Tout l’art de réussir une implantation dans la Silicon Valley réside donc dans la conception de la notion de capital-risque (lire le focus sur la Chambre de commerce franco-américaine, page 10). À ce titre, Hervé Pluche ajoute que « la première étape consiste souvent à instaurer un climat de confiance mutuelle entre celui qui apporte un projet et le capital-risker. Avant de lever des fonds, les Business Angels, qui sont des experts sur les marchés où ils investissent, vont prendre des renseignements et juger la valeur de leurs interlocuteurs. Ils téléphoneront par exemple à vos anciens collaborateurs. Il faut surtout qu’ils perçoivent chez vous une très bonne qualité d’analyse, car ils ne vous pardonneront pas de ne pas avoir été capables d’identifier un concurrent ou bien d’avoir maladroitement appréhendé le marché. Une fois cette confiance obtenue, considérez-la comme acquise pour toujours ! » À condition aussi que l’entrepreneur comprenne que ses nouveaux anges gardiens réclament, en retour, un contrôle substantiel sur la société. Une « pilule » que les Français ont, d’ailleurs, souvent beaucoup de mal à avaler.
Après la bulle…
Miséricordieux les anges de la vallée ? En tous les cas, il y a peu de chance qu’ils reprochent à un entrepreneur d’avoir vécu une faillite ou des affaires difficiles.

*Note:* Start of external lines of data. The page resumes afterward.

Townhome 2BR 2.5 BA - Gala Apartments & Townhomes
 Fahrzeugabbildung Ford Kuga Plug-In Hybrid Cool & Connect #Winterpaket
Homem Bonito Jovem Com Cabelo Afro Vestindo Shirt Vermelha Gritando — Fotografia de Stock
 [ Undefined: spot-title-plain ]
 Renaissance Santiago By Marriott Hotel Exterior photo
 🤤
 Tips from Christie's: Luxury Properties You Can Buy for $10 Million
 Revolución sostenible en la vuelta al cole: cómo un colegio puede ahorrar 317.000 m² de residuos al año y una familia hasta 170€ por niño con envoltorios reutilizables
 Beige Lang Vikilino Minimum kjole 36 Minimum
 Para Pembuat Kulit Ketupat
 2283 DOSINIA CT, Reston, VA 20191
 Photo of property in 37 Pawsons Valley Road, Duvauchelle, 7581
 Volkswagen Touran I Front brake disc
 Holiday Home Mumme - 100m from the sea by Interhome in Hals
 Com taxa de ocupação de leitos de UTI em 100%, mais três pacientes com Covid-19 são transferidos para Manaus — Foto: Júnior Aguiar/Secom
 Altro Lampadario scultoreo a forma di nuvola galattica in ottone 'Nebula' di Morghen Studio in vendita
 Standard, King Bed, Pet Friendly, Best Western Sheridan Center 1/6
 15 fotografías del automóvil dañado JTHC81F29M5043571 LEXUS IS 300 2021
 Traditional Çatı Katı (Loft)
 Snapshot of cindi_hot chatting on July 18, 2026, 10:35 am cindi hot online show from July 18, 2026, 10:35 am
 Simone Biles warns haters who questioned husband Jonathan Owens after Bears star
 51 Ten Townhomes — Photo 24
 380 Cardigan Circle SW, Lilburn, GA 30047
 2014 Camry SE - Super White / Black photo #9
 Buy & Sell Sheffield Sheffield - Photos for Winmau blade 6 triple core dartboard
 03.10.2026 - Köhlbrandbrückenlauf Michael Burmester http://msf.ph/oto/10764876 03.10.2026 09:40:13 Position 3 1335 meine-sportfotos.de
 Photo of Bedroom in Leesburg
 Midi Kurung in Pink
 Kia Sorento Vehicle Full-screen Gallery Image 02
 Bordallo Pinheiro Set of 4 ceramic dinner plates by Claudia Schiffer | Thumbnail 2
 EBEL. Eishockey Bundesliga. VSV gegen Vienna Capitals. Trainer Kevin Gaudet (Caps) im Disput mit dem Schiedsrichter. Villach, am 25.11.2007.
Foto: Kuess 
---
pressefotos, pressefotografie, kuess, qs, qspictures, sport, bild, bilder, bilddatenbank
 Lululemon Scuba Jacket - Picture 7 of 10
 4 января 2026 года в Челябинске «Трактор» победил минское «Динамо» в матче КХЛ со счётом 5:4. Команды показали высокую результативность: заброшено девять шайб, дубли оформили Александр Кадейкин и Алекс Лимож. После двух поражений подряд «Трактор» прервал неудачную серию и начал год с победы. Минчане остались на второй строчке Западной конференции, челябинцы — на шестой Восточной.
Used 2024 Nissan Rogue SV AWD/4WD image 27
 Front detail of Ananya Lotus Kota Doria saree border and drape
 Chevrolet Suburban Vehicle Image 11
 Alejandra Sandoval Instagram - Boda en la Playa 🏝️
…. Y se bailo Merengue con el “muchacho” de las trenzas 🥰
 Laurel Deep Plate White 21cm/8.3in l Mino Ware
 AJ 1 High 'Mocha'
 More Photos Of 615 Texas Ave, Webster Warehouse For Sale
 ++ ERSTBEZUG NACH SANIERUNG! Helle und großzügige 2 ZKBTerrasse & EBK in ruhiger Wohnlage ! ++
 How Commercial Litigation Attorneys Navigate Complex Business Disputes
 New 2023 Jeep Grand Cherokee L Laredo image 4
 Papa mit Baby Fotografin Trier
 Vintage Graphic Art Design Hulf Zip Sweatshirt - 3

Comme son nom l’indique, le capital-risque induit une part de chance. En outre, le concept d’échec n’a pas cours dans le nord de la Californie. Voilà pourquoi, au lendemain de l’éclatement de la bulle Internet, les Business Angels, bien qu’affaiblis par l’effondrement général du marché, n’ont pas hésité à investir dans de nouvelles start-up, parfois avec les mêmes entrepreneurs. D’après Hervé Pluche, d’Avisé Partners, « la Silicon Valley connaît d’ailleurs une bonne reprise. J’estime même que c’est une période idéale pour les entreprises françaises, car dans 12 mois il se peut que ce soit déjà plus compliqué. Selon moi, la purge de la bulle Internet est terminée ».
D’autant plus que les entreprises de la vallée, qui étaient parvenues à se consolider avant la crise et donc qui ont pu en réchapper, sont autant d’exemples de réussite et de succès que l’on est fier d’exhiber pour relancer les investissements. Ces sociétés, parfois des géants à l’instar d’Apple ou de Amazon.com, étaient déjà considérées comme des héros. Après la bulle, devrait-on les honorer d’être des héros de guerre ? Certains vont plus loin dans l’analyse, comme Dave Dewalt, président de EMC, leader mondial des infrastructures de stockage et de la gestion des informations : « la crise des années 2000-2001 est probablement la meilleure chose qui soit arrivée à EMC. Durant cette période, nous avons perdu un demi milliard de dollars ! Ça nous a donné la force de tout changer : notre management, notre façon de faire, notre approche du marché. La société a vécu un renouveau ».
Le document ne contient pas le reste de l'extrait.